━━━━━ DATA LISTING ━━━━━

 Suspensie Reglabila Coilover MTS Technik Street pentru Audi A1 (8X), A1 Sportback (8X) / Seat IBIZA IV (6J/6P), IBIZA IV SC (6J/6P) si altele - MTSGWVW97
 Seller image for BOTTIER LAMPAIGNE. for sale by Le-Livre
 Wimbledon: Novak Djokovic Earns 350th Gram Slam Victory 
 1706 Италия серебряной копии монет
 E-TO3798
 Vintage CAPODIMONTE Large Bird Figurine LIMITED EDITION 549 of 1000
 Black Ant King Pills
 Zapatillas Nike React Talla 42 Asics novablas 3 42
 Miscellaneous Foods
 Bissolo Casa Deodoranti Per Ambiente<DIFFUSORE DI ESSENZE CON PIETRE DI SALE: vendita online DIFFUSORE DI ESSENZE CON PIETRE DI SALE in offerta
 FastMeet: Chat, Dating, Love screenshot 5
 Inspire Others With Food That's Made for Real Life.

━━━━━
━━━━━ DATA LISTING ━━━━━

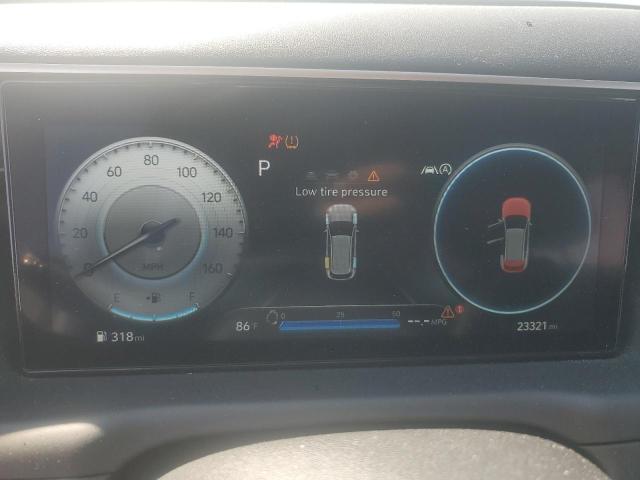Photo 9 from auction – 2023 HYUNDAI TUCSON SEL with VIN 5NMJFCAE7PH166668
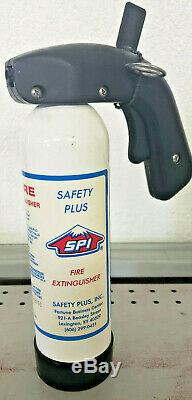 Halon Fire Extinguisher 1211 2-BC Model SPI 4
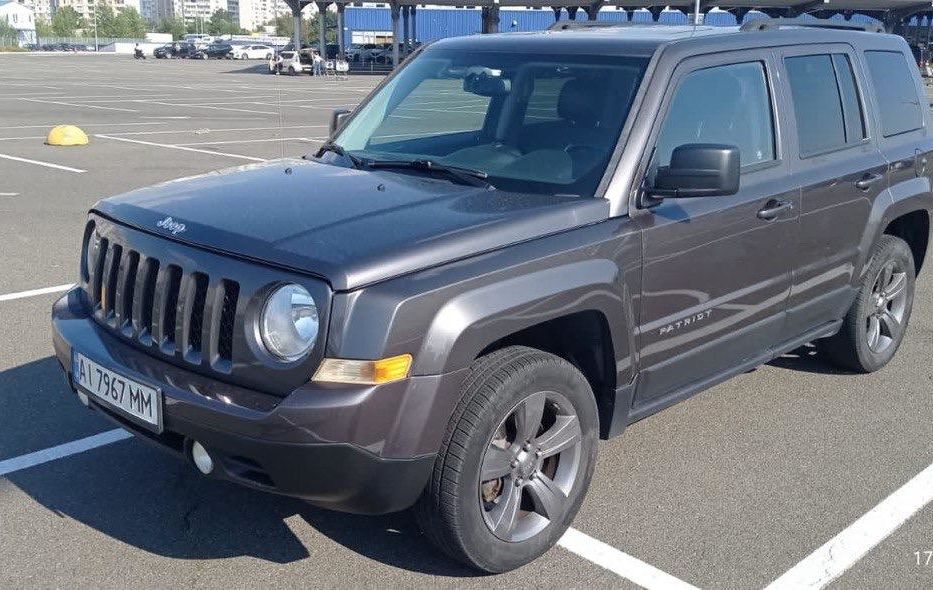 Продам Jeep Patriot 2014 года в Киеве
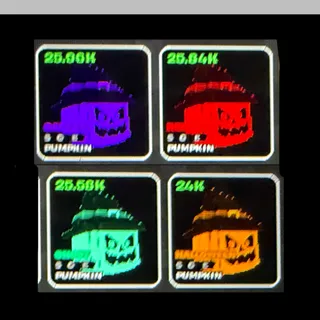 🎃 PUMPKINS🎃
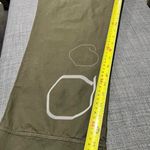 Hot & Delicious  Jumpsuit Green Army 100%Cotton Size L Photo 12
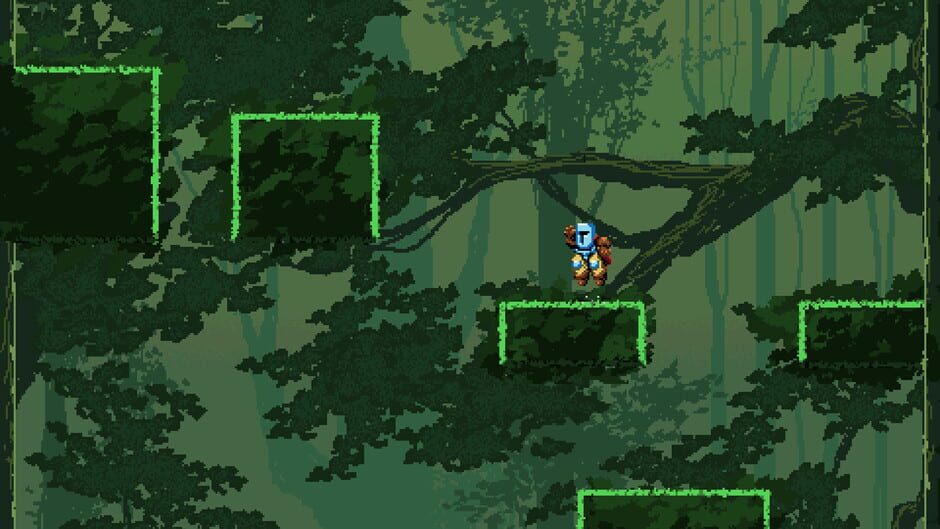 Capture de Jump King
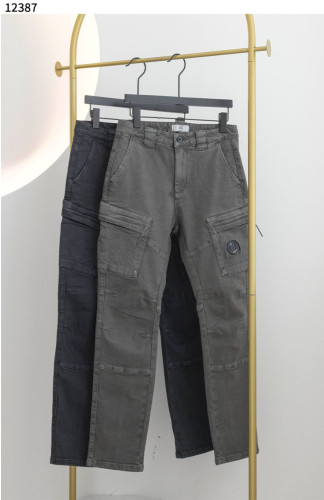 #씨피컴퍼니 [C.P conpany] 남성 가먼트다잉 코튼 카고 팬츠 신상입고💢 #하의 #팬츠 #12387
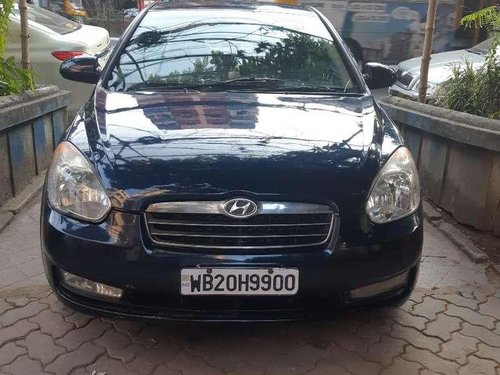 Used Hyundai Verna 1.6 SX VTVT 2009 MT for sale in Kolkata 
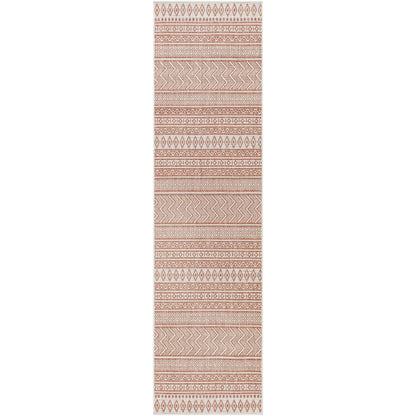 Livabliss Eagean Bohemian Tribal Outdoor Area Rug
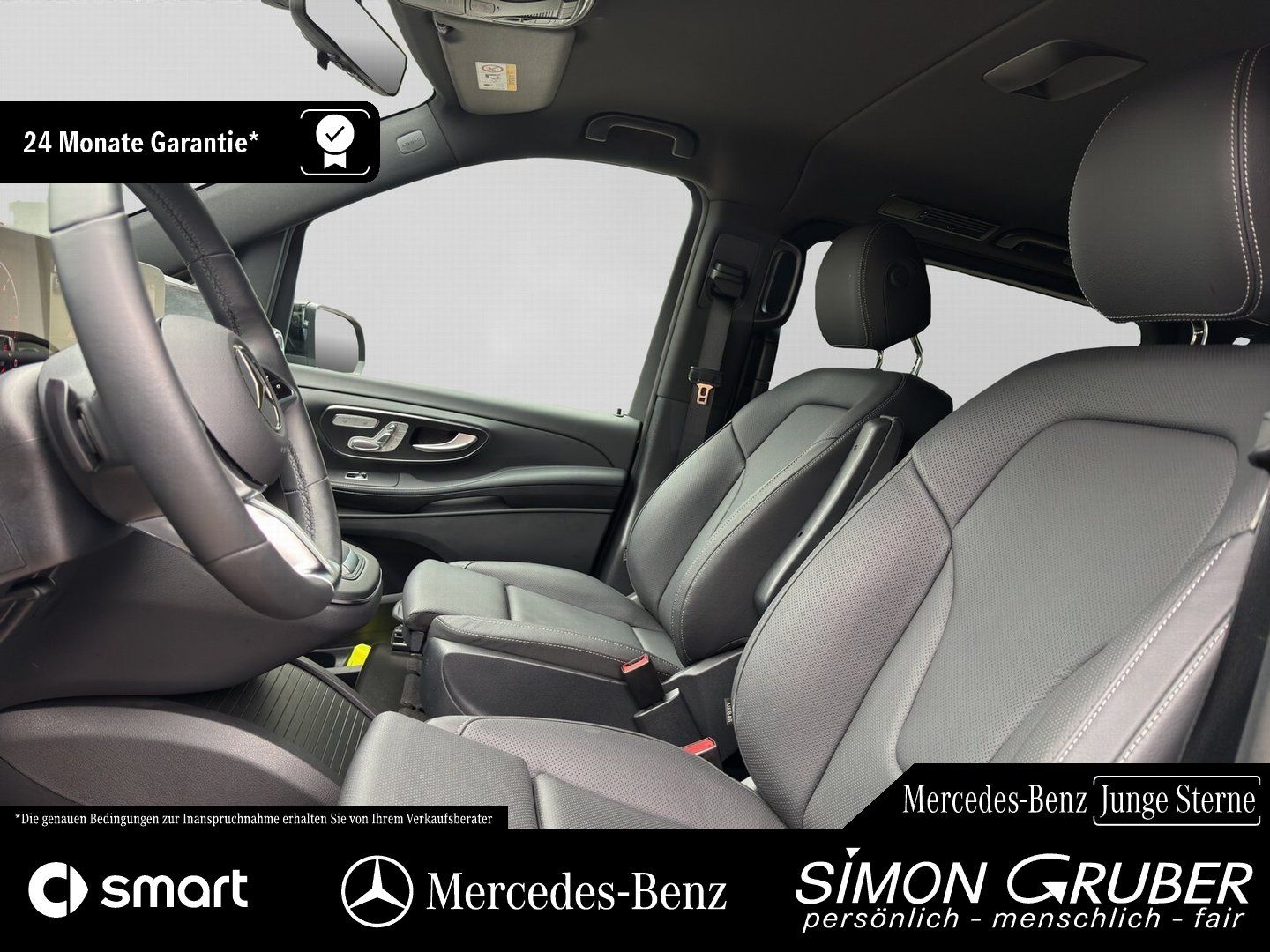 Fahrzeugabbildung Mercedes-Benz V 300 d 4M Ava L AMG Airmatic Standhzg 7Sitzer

━━━━━

#### WORK TO BE COMPLETED
Skip every picture, and restate word for word only the lines above from the line containing "Used Hyundai Verna" to the line containing "Fahrzeugabbildung Mercedes-Benz V", both of them included.

#### RESULT OF THE EXERCISE
 Used Hyundai Verna 1.6 SX VTVT 2009 MT for sale in Kolkata 
 Livabliss Eagean Bohemian Tribal Outdoor Area Rug
 Fahrzeugabbildung Mercedes-Benz V 300 d 4M Ava L AMG Airmatic Standhzg 7Sitzer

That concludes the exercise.